Material provided:
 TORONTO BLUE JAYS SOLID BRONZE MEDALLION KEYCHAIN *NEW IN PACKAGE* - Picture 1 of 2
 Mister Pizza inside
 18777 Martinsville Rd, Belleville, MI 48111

--

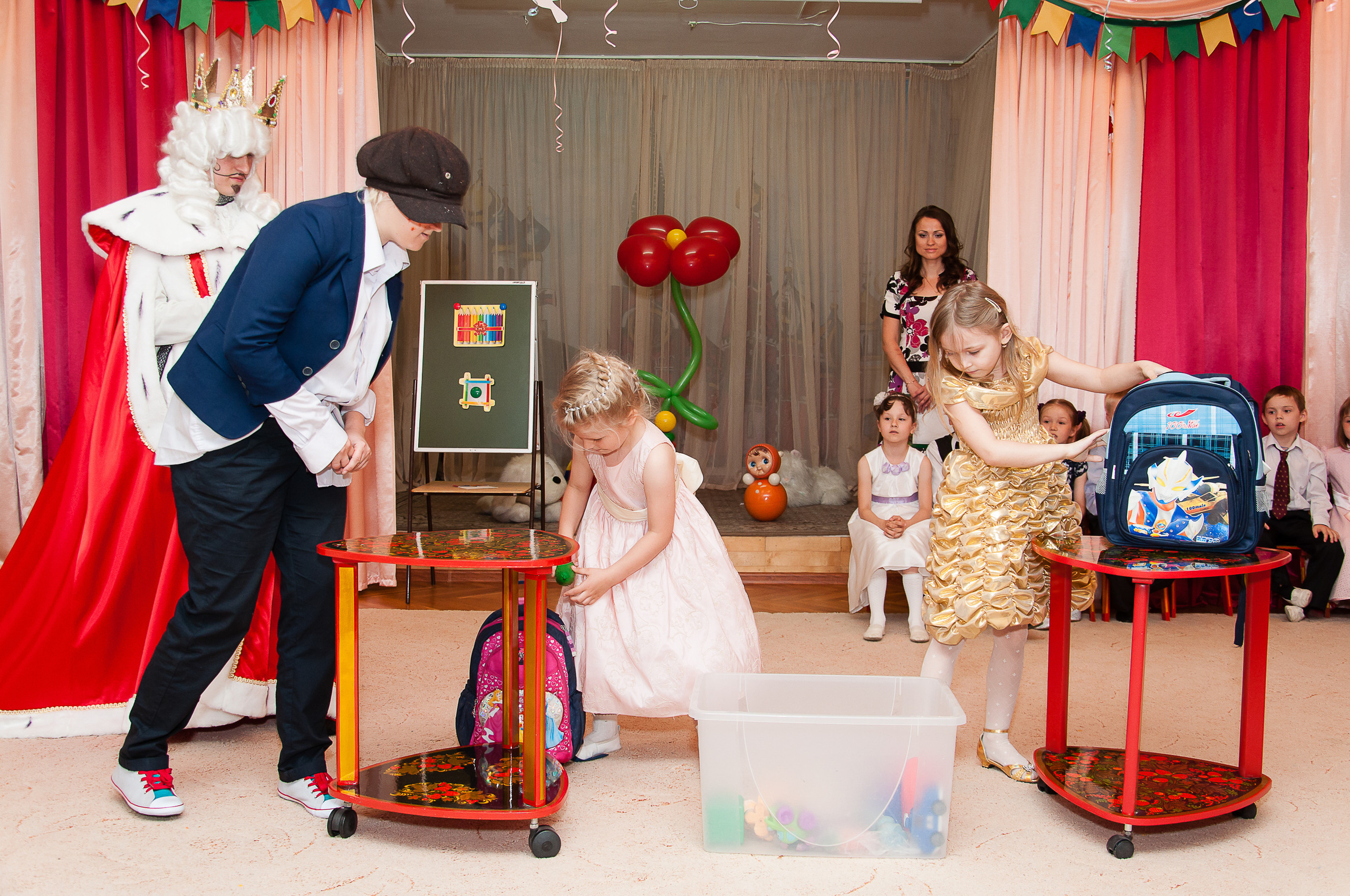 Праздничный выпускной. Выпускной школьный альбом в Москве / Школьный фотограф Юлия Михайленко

Problem: Look above for the line holding "TORONTO BLUE JAYS", then set down exactly that line and every line after it up to and including the line holding "18777 Martinsville Rd, Belleville, MI 48111", with nothing else.

Result of this exercise:
 TORONTO BLUE JAYS SOLID BRONZE MEDALLION KEYCHAIN *NEW IN PACKAGE* - Picture 1 of 2
 Mister Pizza inside
 18777 Martinsville Rd, Belleville, MI 48111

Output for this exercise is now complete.